A remark: since the degree of $F_{2m}$ is equal to $m^2$, we must have $a_{m,k} = 0$ for all $k > m^2-m$. This, however, is not obvious from the above explicit formula…
For $k \leq m^2-m$, the above formula can also be written as $$a_{m,k} = \sum_{j = 0}^{m}(-1)^j\binom{2m}{j}\binom{m-1+k-2mj+j^2}{m-1}.$$
Now the problem is to show that all the $a_{m,k}$ are positive. According to the comment of Zach Teitler, we have the following guess:
For fixed $m$, the function $k\mapsto a_{m,k}$ is the Hilbert function of an ideal of $k[\mathbb{P}^{m-1}]$ generated by $2m$ general degree $2m-1$ forms.

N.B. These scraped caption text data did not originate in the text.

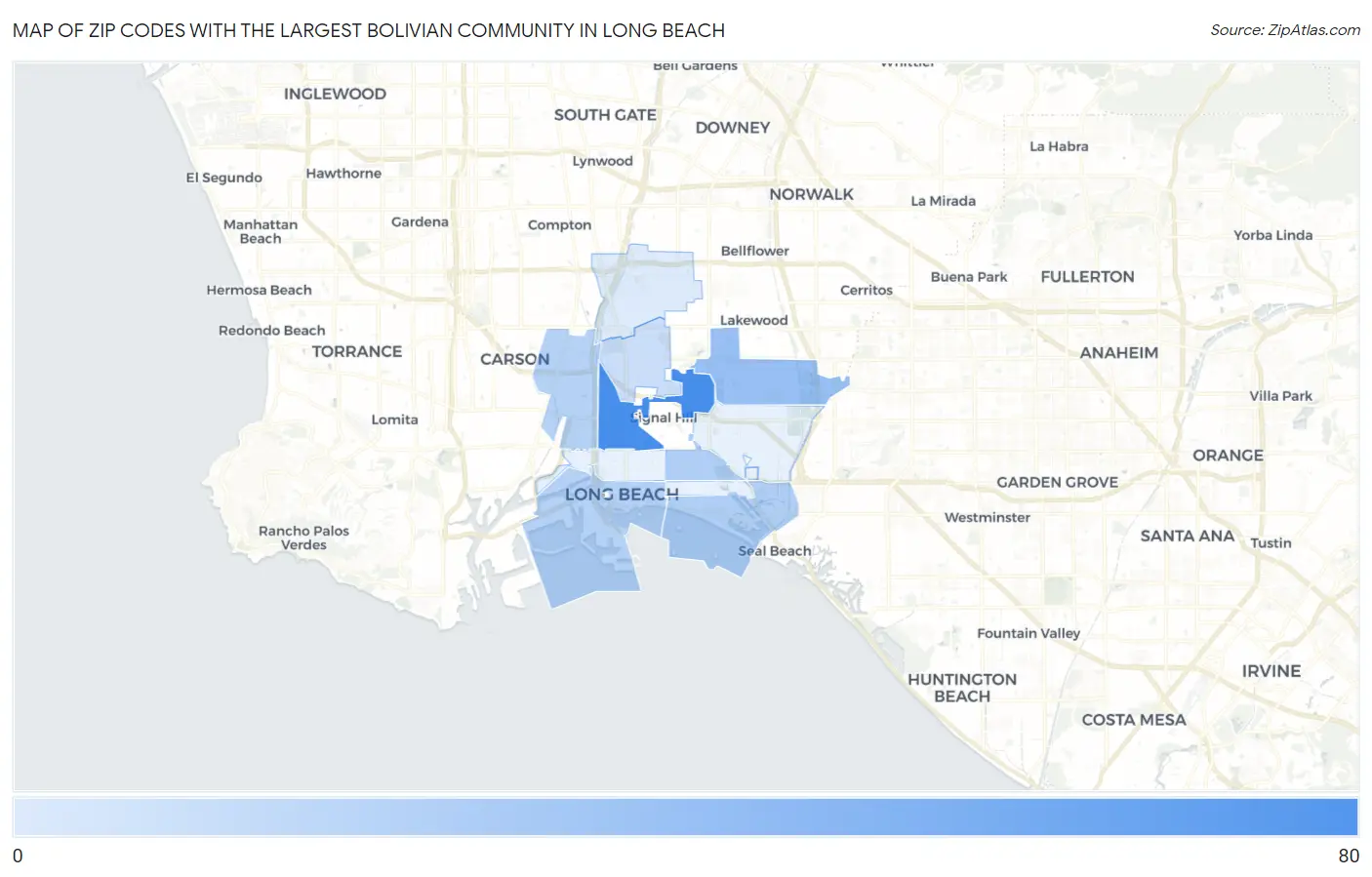 Zip Codes with the Largest Bolivian Community in Long Beach Map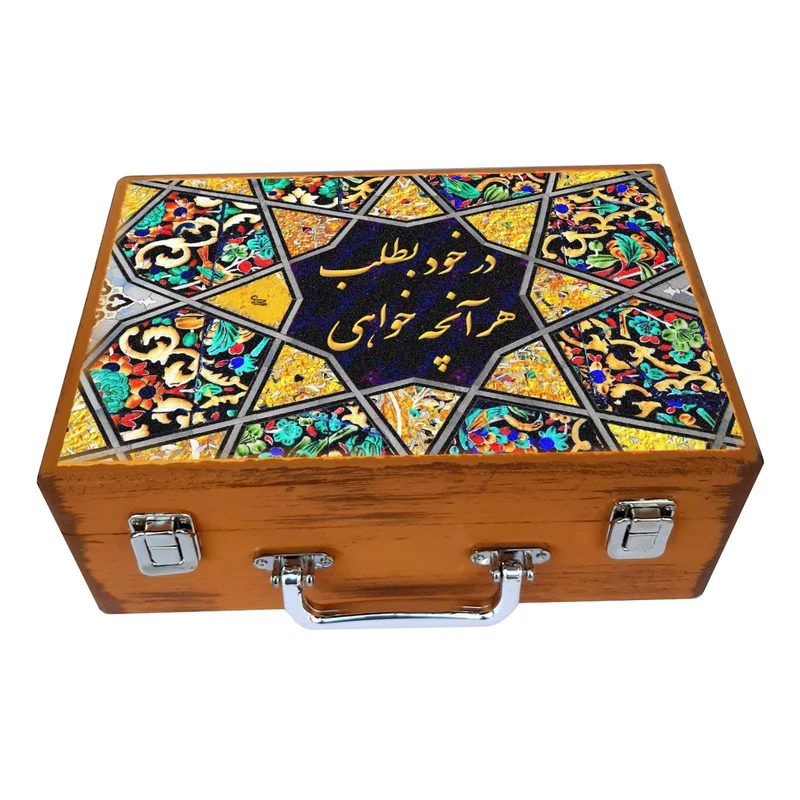 جعبه هدیه چوبی مدل چمدان طرح کاشی سنتی کد WS147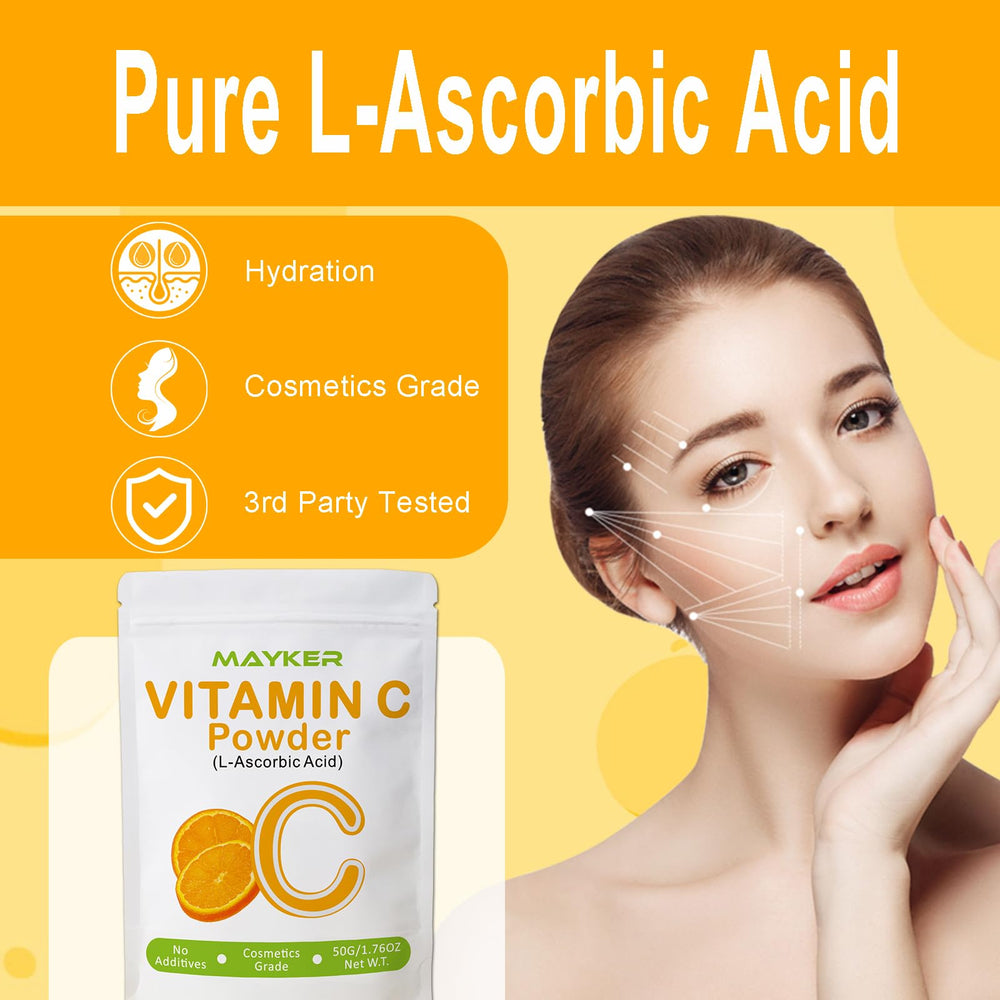 MAYKER Poudre vitamine C fin pot-verre — pratique pour préparer des soins maison.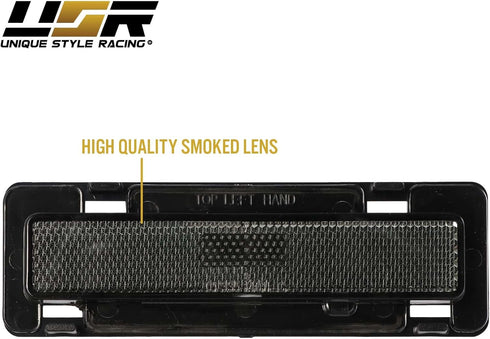 USR 85-92 IROC Camaro Side Marker Light – Smoke Front Bumper Sidemarker Lamps (Left + Right) - Compatible with 1985-1992 Chevrolet Chevy Camaro an...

The positivity of all $a_{m,k}$ would follow from this, since the Hilbert functions, being dimensions, are positive.
Best Answer
It is clear that $F_n(1)=0$. On the other hand, the derivative can be expressed in terms of $F_{n-2}$. Thus $$ \begin{aligned} F_n'(X) &=\sum_{k=0}^n\binom{n}{k}(-1)^k(k(n-k))X^{k(n-k)-1} \\ &= \sum_{k=1}^{n-1} \frac{n!}{(k-1)!(n-k-1)!} (-1)^k X^{k(n-k)-1} \\ &= n(n-1) \sum_{k=1}^{n-1} \frac{(n-2)!}{(k-1)!(n-k-1)!} (-1)^k X^{k(n-k)-1} \\ &= n(n-1) \sum_{k=1}^{n-1} \binom{n-2}{k-1}(-1)^k X^{k(n-k)-1} \\ &= n(n-1) \sum_{k=0}^{n-2} \binom{n-2}{k}(-1)^k X^{(k+1)(n-k-1)-1} \\ &= n(n-1) \sum_{k=0}^{n-2} \binom{n-2}{k}(-1)^k X^{k(n-2-k)+n-2} \\ &= n(n-1)X^{n-2}F_{n-2}(X). \\ \end{aligned} $$ Repeating, one find that the $\ell$'th derivative of $F_n(X)$ is a $\mathbb Z[X]$ linear combination of $F_{n-2}(X),\ldots,F_{n-2\ell}(X)$. So it vanishes at $X=1$ until you get to $\ell=n/2$. Possibly one can get the positivity of the coefficients from this recursion, too, but I haven't tried.